There is significant potential for cogeneration of electric 
power in oilsands operations, but here as well, it will be 
difficult for the resulting power to reach major markets 
unless construction of long-distance power lines becomes 
easier. 
 
 
NUCLEAR:  MOVING FORWARD ON LONG-TERM DISPOSAL 
--------------------------------------------- - 
 
26. Like the United States, Canada has no permanent disposal 
facility for its nuclear waste, which is currently stored at 
reactor sites.  As in the U.S., proposals to move this waste 
to any other site(s) provoke strong local resistance. 
During 2002, Canada passed legislation which creates a Waste 
Management Organization, funded by nuclear energy firms, to 
develop a long-term approach to storing radioactive waste. 

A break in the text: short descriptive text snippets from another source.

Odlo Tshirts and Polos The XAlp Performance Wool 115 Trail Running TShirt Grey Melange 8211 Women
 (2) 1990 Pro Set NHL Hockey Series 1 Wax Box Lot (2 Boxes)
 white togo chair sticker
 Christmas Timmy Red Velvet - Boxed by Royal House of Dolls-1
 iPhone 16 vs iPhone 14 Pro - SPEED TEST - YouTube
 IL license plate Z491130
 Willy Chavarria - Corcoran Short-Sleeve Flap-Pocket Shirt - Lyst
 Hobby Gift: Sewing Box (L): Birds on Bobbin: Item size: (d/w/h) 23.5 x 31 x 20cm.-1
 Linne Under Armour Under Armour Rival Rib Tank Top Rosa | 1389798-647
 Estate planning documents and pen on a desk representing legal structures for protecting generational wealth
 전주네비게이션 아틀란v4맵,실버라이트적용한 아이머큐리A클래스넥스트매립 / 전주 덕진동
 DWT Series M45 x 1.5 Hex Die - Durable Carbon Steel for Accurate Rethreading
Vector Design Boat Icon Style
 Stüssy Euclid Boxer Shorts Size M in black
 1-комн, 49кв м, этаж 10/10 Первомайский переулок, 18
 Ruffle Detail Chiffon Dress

The GOC plans to make a decision by 2006 in favor of one of 
the three major options (deep geological storage, 
centralized surface/subsurface, or continued storage at 
reactor sites). 
 
 
CLIMATE CHANGE 
-------------- 
 
27.  In the spring of 2002 the USG and GOC announced a more 
concerted effort to coordinate our climate change programs, 
with a particular focus on energy, especially energy 
efficiency, clean energy, clean coal, renewable and 
alternative energy and carbon sequestration.  At Prime 
Minister Chretien's initiative, Canada formally ratified the 
Kyoto Accord at the end of 2002, despite vocal criticism 
from provincial governments and industries (with Alberta and 
the oil and gas sector leading the way - ref L).  Critics 
were concerned that the burden of compliance would fall 
disproportionately on certain regions/industries and also 
that compliance would place Canada's economy at a lasting 
competitive disadvantage vis--vis the United States. 
 
28. In its spring 2003 budget, the GOC committed C$1.5 
billion (about US$1 billion) over five years directly to 
achieving greenhouse gas emission reductions, plus modest 
additional funds for research and long-term technology 
development.  GOC officials are now engaged in determining 
what process will be used to allocate this spending.